Step Hyp Ref Expression
1 evlspw.q
 |-  Q = ( ( I evalSub S ) ` R )
2 evlspw.w
 |-  W = ( I mPoly U )
3 evlspw.g
 |-  G = ( mulGrp ` W )
4 evlspw.e
 |-  .^ = ( .g ` G )
5 evlspw.u
 |-  U = ( S |`s R )
6 evlspw.p
 |-  P = ( S ^s ( K ^m I ) )
7 evlspw.h
 |-  H = ( mulGrp ` P )
8 evlspw.k
 |-  K = ( Base ` S )
9 evlspw.b
 |-  B = ( Base ` W )
10 evlspw.i
 |-  ( ph -> I e. V )
11 evlspw.s
 |-  ( ph -> S e. CRing )
12 evlspw.r
 |-  ( ph -> R e. ( SubRing ` S ) )
13 evlspw.n
 |-  ( ph -> N e. NN0 )
14 evlspw.x
 |-  ( ph -> X e. B )
15 1 2 5 6 8 evlsrhm
 |-  ( ( I e. V /\ S e.
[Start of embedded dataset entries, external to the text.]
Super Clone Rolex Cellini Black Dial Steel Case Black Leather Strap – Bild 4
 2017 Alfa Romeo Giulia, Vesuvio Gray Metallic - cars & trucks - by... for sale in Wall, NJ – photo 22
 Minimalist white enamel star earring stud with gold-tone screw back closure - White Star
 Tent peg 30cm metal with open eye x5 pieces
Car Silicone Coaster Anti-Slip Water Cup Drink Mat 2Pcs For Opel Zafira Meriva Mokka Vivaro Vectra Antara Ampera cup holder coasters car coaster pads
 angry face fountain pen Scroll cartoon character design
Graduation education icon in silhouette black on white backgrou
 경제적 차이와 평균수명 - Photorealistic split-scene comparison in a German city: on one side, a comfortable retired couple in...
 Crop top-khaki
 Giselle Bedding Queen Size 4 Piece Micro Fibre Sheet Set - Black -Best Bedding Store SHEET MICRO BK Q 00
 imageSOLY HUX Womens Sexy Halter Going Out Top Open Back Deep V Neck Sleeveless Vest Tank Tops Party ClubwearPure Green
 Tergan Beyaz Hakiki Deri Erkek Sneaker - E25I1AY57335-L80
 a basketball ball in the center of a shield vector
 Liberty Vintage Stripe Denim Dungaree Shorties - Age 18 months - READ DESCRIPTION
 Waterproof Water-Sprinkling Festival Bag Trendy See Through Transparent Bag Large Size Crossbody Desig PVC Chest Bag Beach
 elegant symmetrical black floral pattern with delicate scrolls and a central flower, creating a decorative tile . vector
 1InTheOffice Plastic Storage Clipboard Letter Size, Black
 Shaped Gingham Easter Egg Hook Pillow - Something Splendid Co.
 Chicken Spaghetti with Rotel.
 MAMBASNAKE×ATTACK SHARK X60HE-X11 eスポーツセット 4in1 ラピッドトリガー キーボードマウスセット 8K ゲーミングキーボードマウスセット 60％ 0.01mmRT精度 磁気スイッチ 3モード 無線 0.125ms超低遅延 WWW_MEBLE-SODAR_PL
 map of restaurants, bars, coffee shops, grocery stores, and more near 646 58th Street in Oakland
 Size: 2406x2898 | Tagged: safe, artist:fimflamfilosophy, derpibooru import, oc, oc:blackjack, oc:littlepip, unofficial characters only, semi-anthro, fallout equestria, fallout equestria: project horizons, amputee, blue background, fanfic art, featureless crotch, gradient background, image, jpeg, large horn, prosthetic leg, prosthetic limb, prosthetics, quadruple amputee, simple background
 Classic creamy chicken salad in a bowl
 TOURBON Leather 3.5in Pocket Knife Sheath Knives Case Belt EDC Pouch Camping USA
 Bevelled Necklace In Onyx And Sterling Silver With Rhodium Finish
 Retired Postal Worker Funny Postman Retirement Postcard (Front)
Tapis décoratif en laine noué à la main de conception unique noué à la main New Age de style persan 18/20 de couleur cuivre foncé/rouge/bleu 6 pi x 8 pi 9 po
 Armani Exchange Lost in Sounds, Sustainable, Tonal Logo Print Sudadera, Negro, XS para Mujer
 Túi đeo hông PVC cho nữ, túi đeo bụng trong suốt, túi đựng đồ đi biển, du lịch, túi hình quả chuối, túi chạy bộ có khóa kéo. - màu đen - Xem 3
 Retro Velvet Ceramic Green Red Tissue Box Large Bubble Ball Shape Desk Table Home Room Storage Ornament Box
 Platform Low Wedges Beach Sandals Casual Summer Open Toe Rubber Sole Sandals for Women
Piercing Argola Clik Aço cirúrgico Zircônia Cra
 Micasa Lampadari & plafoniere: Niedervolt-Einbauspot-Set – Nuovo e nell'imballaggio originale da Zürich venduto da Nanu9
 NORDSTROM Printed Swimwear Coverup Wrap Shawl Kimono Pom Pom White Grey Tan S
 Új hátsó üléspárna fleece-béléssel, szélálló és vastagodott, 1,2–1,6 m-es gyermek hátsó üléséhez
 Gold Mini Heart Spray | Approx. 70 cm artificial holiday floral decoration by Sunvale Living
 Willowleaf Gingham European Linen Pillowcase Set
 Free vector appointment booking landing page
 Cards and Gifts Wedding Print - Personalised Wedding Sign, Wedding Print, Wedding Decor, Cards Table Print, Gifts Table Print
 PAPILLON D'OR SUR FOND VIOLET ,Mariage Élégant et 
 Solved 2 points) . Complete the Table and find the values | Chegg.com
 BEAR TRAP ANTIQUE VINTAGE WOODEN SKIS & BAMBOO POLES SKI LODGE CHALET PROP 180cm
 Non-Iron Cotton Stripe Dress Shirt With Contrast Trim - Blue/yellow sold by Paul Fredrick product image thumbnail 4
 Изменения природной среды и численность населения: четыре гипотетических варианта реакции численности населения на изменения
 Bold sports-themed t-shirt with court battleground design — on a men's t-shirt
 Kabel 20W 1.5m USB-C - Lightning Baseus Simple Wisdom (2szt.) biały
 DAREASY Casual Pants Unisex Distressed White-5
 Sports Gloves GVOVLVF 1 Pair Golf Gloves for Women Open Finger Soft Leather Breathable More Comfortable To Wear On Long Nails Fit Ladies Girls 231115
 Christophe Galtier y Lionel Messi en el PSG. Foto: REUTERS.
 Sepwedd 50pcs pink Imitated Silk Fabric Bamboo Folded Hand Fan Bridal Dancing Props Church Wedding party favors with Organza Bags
CRing /\ R e. ( SubRing ` S ) ) -> Q e. ( W RingHom P ) )
16 10 11 12 15 syl3anc
 |-  ( ph -> Q e. ( W RingHom P ) )
17 3 7 rhmmhm
 |-  ( Q e. ( W RingHom P ) -> Q e. ( G MndHom H ) )
18 16 17 syl
 |-  ( ph -> Q e. ( G MndHom H ) )
19 3 9 mgpbas
 |-  B = ( Base ` G )
20 eqid
 |-  ( .g ` H ) = ( .g ` H )
21 19 4 20 mhmmulg
 |-  ( ( Q e. ( G MndHom H ) /\ N e. NN0 /\ X e. B ) -> ( Q ` ( N .^ X ) ) = ( N ( .g ` H ) ( Q ` X ) ) )
22 18 13 14 21 syl3anc
 |-  ( ph -> ( Q ` ( N .^ X ) ) = ( N ( .g ` H ) ( Q ` X ) ) )